According to the Office of Fraternity and Sorority Affairs’ website, a total of 21 fraternities and three sororities have lost university recognition throughout Lehigh’s history. Twelve fraternities and one sorority lost their recognition within the last 10 years.
“I’m somewhat concerned for Lehigh Greek life,” Nikki Chellaswami, ’19 said. “I thought it was really surprising that they kicked off two houses within a semester, but this is obviously a trend that has been going on for quite some time.”
Some students feel Greek life will always be a part of the Lehigh experience.
Grace Eckstein, ’19, said despite recent conduct violations, Greek life will remain an integral aspect of the university. However, she thinks it might become less of a selling point for potential students.
In light of a changing campus culture, the Panhellenic Council is creating new policies to promote inclusion.
“Strict rules don’t work for our community,” said Molly Bankuti, the president of the council. “People can find ways to get around the rules. At Panhel, we want to change that and deal with situations from an ethical versus unethical standpoint.”
New policies and initiatives will change the recruitment process for a wider audience of women.

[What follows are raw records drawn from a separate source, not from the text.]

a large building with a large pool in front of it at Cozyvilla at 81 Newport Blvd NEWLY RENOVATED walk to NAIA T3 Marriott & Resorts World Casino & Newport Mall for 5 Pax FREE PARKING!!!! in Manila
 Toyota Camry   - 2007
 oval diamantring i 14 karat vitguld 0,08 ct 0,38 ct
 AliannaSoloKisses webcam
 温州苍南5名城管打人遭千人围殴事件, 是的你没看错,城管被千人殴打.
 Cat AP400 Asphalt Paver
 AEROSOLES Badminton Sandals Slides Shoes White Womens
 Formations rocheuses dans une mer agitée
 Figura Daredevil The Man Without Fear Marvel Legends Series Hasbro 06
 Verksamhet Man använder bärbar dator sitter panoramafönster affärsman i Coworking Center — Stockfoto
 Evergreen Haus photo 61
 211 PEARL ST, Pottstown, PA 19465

Up until this year, first-year students and upperclassmen were placed in the same recruitment pools. Now, a secondary quota has been put in place, meaning that sophomores and juniors who want to rush will be placed in an entirely different selection pool, so they are not competing with first-years.
Panhel is also making efforts to speak with chapters about becoming more LGBTQ friendly.
“We want everyone to feel included and encourage them to rush,” Bankuti said.
In addition to the chapters vacating houses as a result of lost recognition, Kappa Delta sorority will move into House 104 in fall 2018.
Lehigh plans to knock down the current Kappa Delta house along with Trembley Park to build the Bridge West residence hall, which will house up to 750 students.
Nicole Malofsky, ’19, the president of Kappa Delta, said Lehigh gave the chapter the option to move into either the previous Kappa Sigma house or House 104, which is the current home of the Fit Living community.
“We, as a sorority, voted to move to House 104,” Malofsky said. “The location is great, it’s pretty and has a lot of history.”
Kappa Delta has prepared for the move by creating a decorating committee that current and past members can join.
Malofsky said most members feel positive about the move. Though some seniors are sentimental about leaving the previous Kappa Delta house behind, most members are looking forward to the change.